=== Task to carry out ===
Every line of the material below needs to be copied exactly; omit the pictures.

=== Data excerpts ===

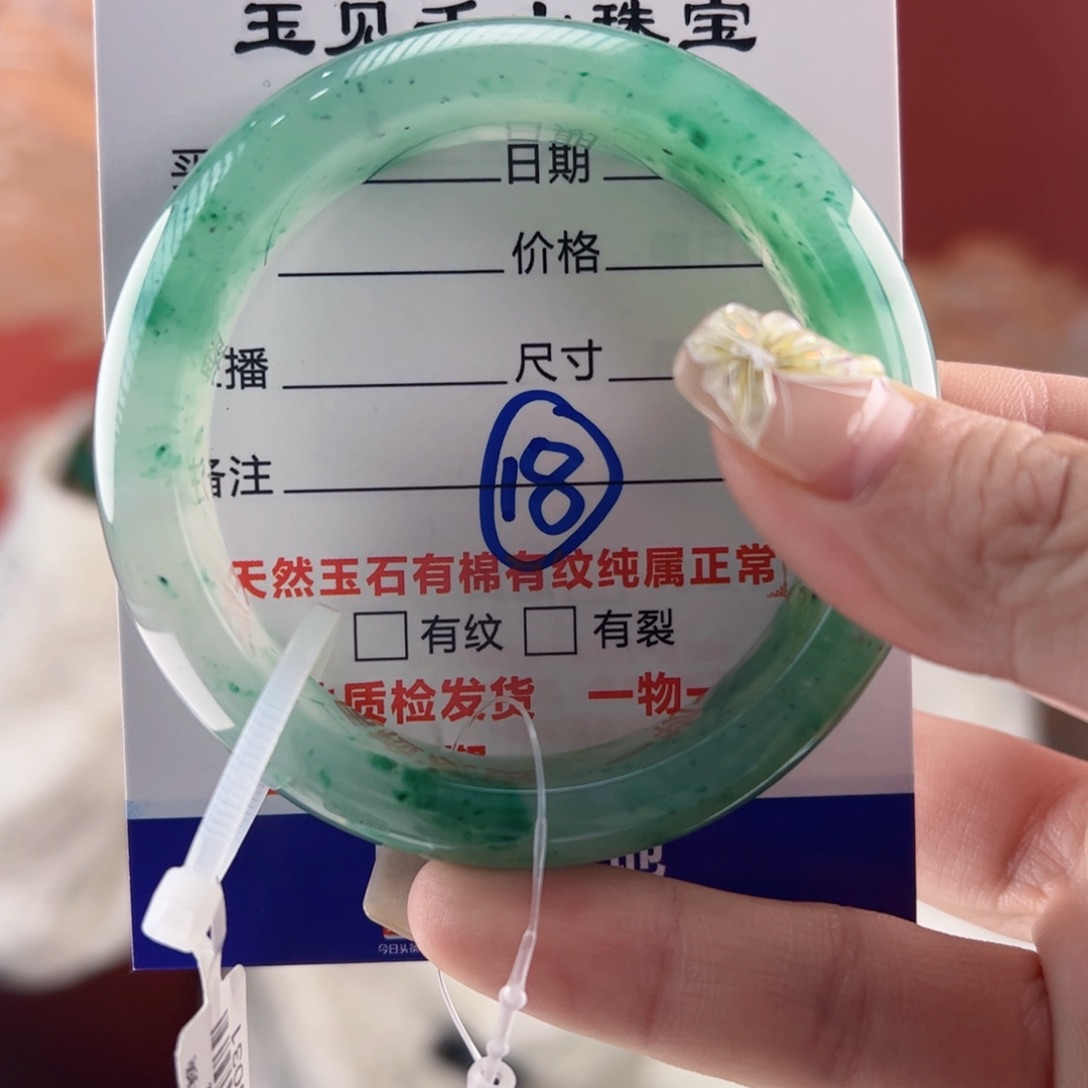 石英质玉手镯未镶嵌53圈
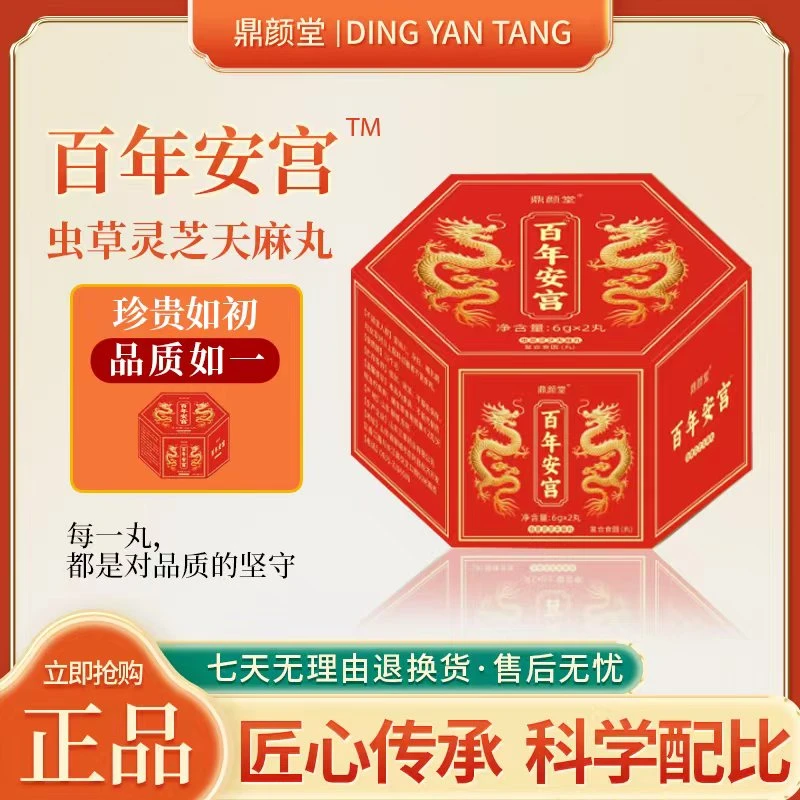 【匠心品质甄选原料】百年安宫 t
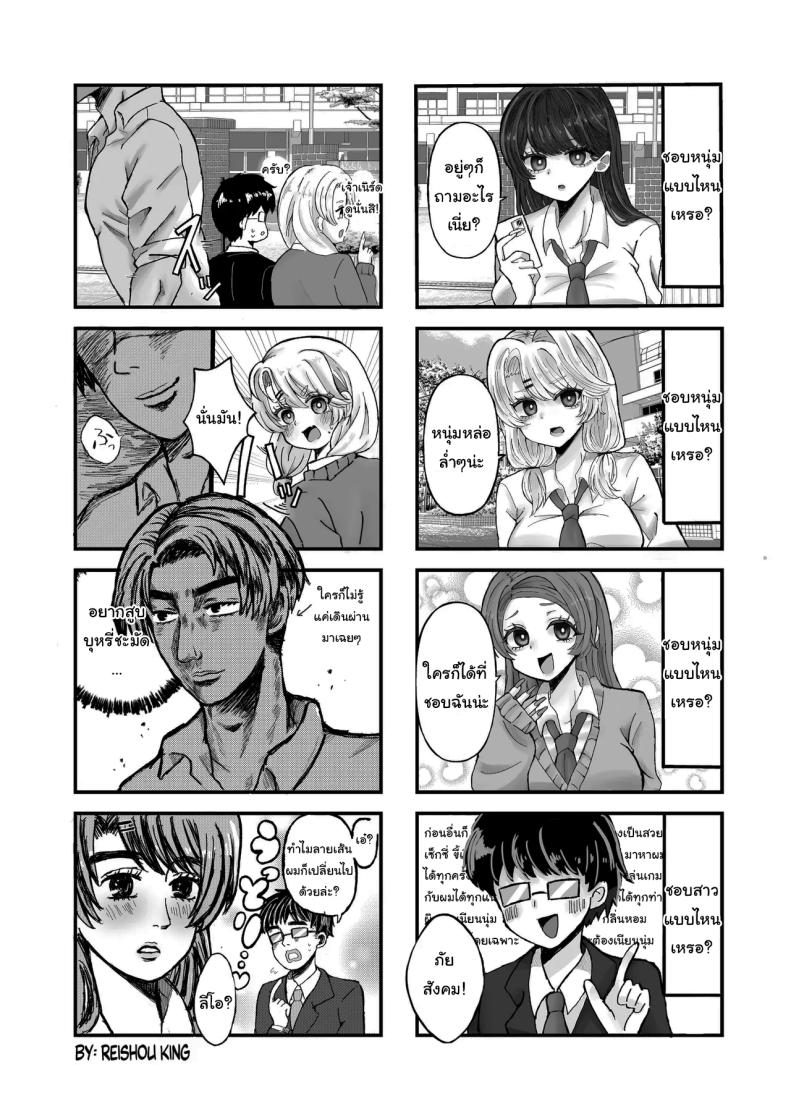 การเเลกเปลี่ยนของสาวเเกล 5 63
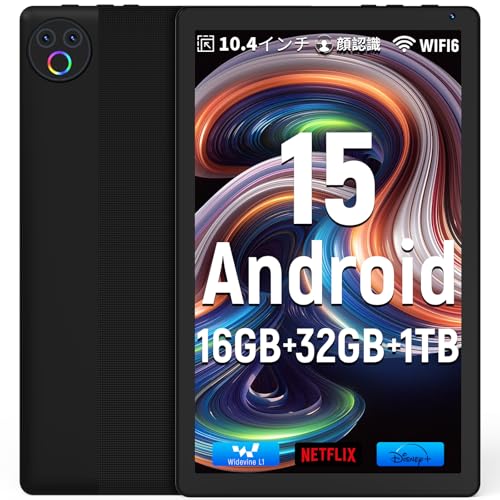 タブレット - HiGrace 10.4インチ Android15 Wi-Fi6モデル 1332*800 IPS画面 RGBライト搭載 16GB+32GB+1TB拡張 Bluetooth5.4 5000mAhバッテリー アンドロイド タブレット Type-C OTG 無線投影 顔認識 Widevine L1 GMS認証 日本語説明書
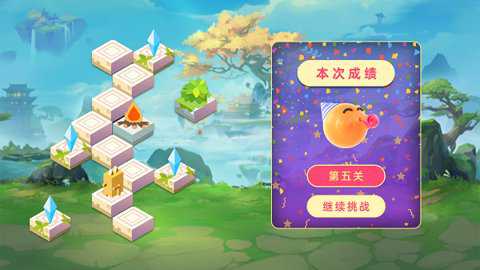 向上爬爬爬下载
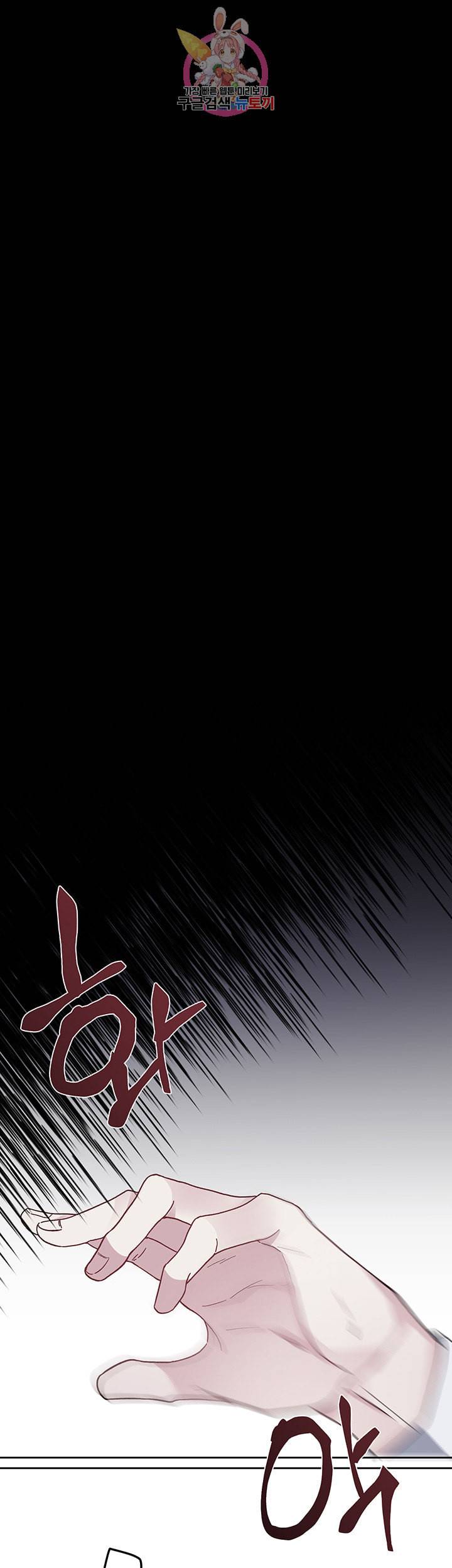 외사랑 18화 23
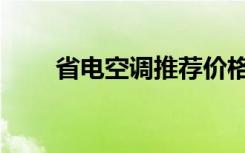 省电空调推荐价格不高（省电空调）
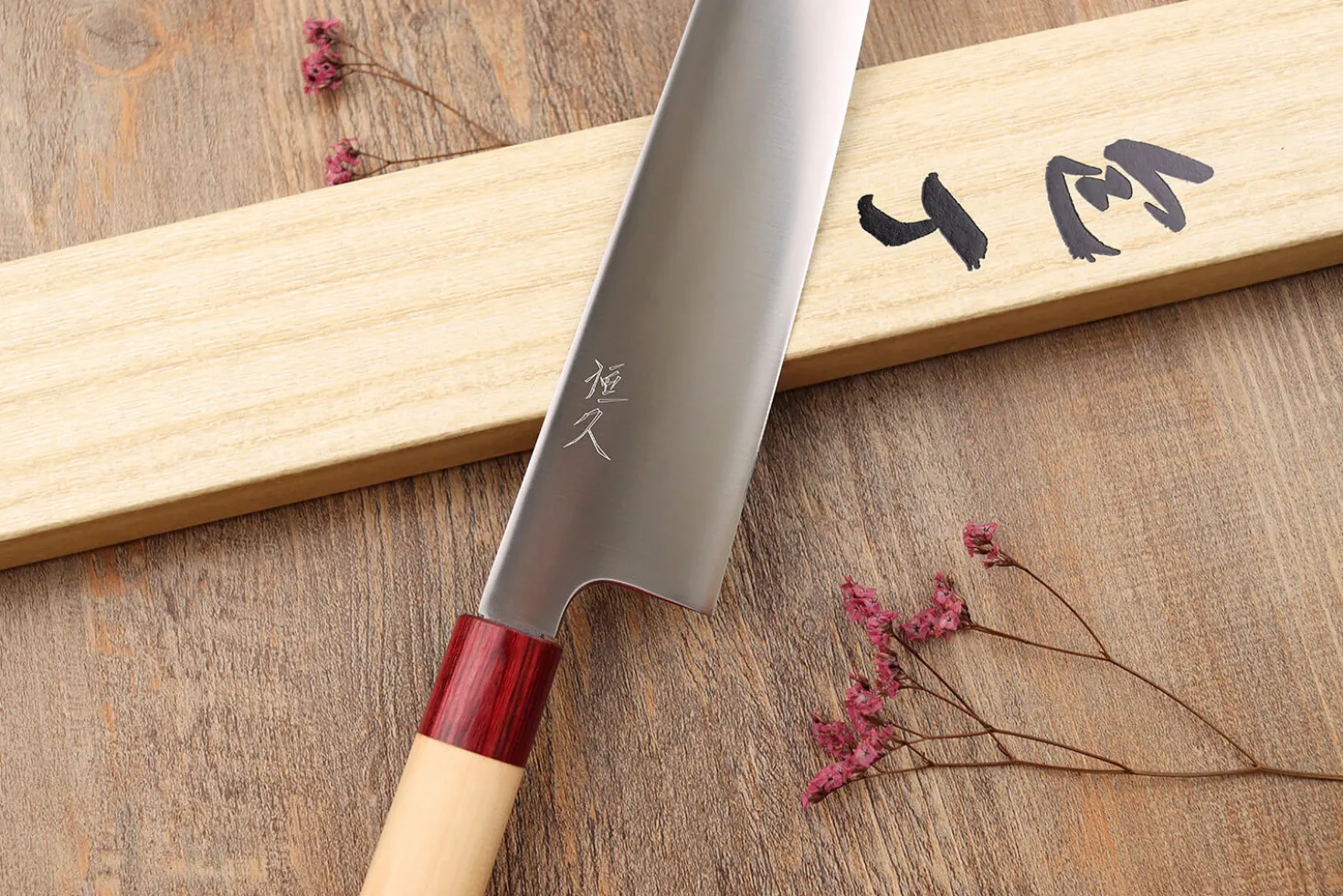 Couteau de chef japonais Tsunehisa VG10 Honoki 27cm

=== Solution to this exercise ===
 石英质玉手镯未镶嵌53圈
 【匠心品质甄选原料】百年安宫 t
 การเเลกเปลี่ยนของสาวเเกล 5 63
 タブレット - HiGrace 10.4インチ Android15 Wi-Fi6モデル 1332*800 IPS画面 RGBライト搭載 16GB+32GB+1TB拡張 Bluetooth5.4 5000mAhバッテリー アンドロイド タブレット Type-C OTG 無線投影 顔認識 Widevine L1 GMS認証 日本語説明書
 向上爬爬爬下载
 외사랑 18화 23
 省电空调推荐价格不高（省电空调）
 Couteau de chef japonais Tsunehisa VG10 Honoki 27cm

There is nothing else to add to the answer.